Esta quase completa ausência de controlo do poder político saído dos actos eleitorais leva necessariamente à conclusão de que não há “aprofundamento” possível da democracia representativa. Ela tenderá a ser, nos tempos que correm, cada vez mais um “embuste participado” no qual os eleitores, por falta de alternativa, intervêm de boa-fé, assegurando a quem governa a legitimidade formal suficiente para deixar o poder constituído a coberto de qualquer substituição inorgânica.
Portanto, por “este lado” a coisa tem pouca saída. O “aprofundamento da democracia” pressupõe um poder político popular que controle, sem partilha, o poder económico e seja ideologicamente hegemónico, o que nunca acontecerá se ao inimigo – o capital - forem facultadas as armas de destruição da própria democracia.

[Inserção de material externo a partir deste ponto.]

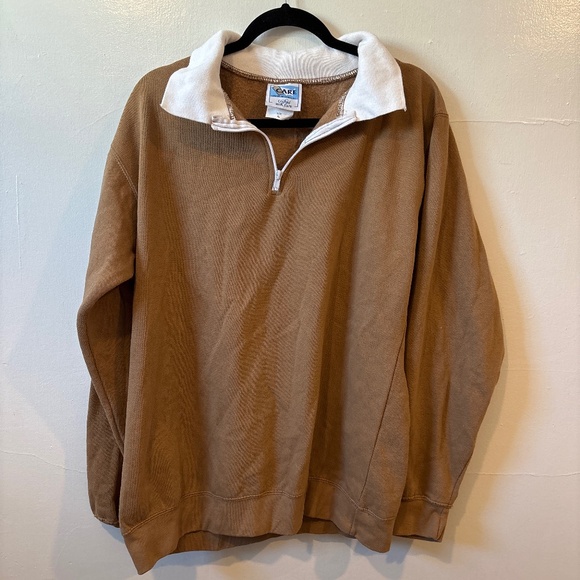 Vintage looking brown and white half zip pullover - Picture 3 of 3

É essa hegemonia que é preciso conquistar. Sem ela nunca haverá verdadeira democracia.
A igualdade como princípio, isto é, como ponto de partida e objectivo de chegada, é indissociável do conceito de democracia. À medida que o princípio da igualdade foi sendo postergado e até tido, como é hoje o caso, por inimigo da democracia por, segundo o argumento mais corrente, causar graves danos à liberdade individual e à capacidade individual de “empreendedorismo” e à medida que foram sendo implementadas políticas que davam expressão prática àquelas ideias, a democracia foi perdendo terreno, a ponto de hoje se ter tornado, nomeadamente no Ocidente, numa caricatura assente numa encenação ritual na qual o povo participa como figurante, mas de cuja participação não tira quaisquer vantagens. As vantagens vão integralmente para o pequeno núcleo que controla o poder (núcleo político, económico, financeiro e também ideológico) e o exerce em benefício próprio, arcando o povo, a maioria esmagadora do povo, com as perdas correspondentes.

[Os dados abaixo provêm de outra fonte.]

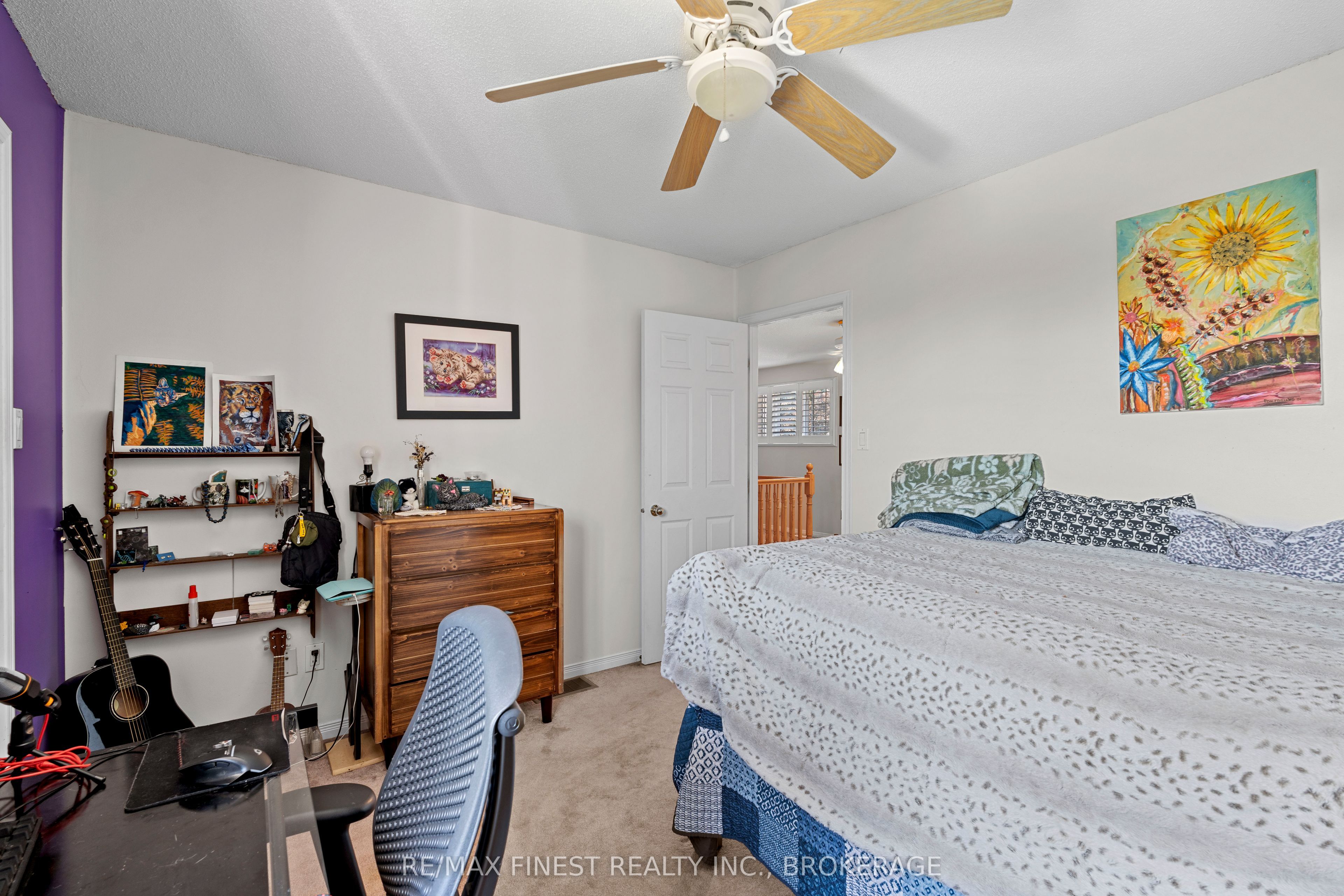 688 PARKSIDE Crescent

Nada pior para a sorte de milhões de pessoas em todo mundo do que ter aqueles que agora os governam ungidos por uma falsa concepção da legitimidade. De facto, nada pior para o futuro colectivo do que justificar a "barbárie" que assola o mundo ocidental com base em considerações de legitimidade quando essa legitimidade substantivamente não existe.
Talvez seja conveniente recordar que a democracia representativa não nasceu ungida desta legitimidade indiscutível que hoje lhe serve de capa protectora. A questão do mandato imperativo foi uma das mais apaixonantes discussões que acompanharam o seu nascimento. Como chamar representante a alguém que esteja desobrigado de cumprir o mandato? Como aceitar as consequências de actos praticados pelo representante fora do mandato? Que valor têm tais actos para o representado?
As respostas parecem óbvias e todavia o mandato imperativo não logrou impor-se. Hoje, a questão volta a ser actual. Porventura mais do que há duzentos anos. É que nunca como agora se assistiu a uma tão grave divergência o poder concedido e o poder exercido.
Como resolver? Uma coisa certa: se a democracia só puder sobreviver como representativa, então ela vai ter que ser substituída por outra forma de governo que assegure uma real proximidade entre os governantes e os reais interesses da maioria esmagadora dos governados…
Não adianta argumentar com a ideia de que pior do que a democracia representativa é a tendência hoje corrente de governantes de outro país ou de forças fácticas poderosas imporem aos governantes eleitos as medidas da governação. Apesar gravidade das situações que se conhecem de que é exemplo mais elucidativo a recente tentativa de Berlim impor um gauleiter a Atenas, tudo isso faz parte da mesma questão. Autonomizar esta parte do problema só serve para assegurar uma sobrevida à democracia representativa tal como existe.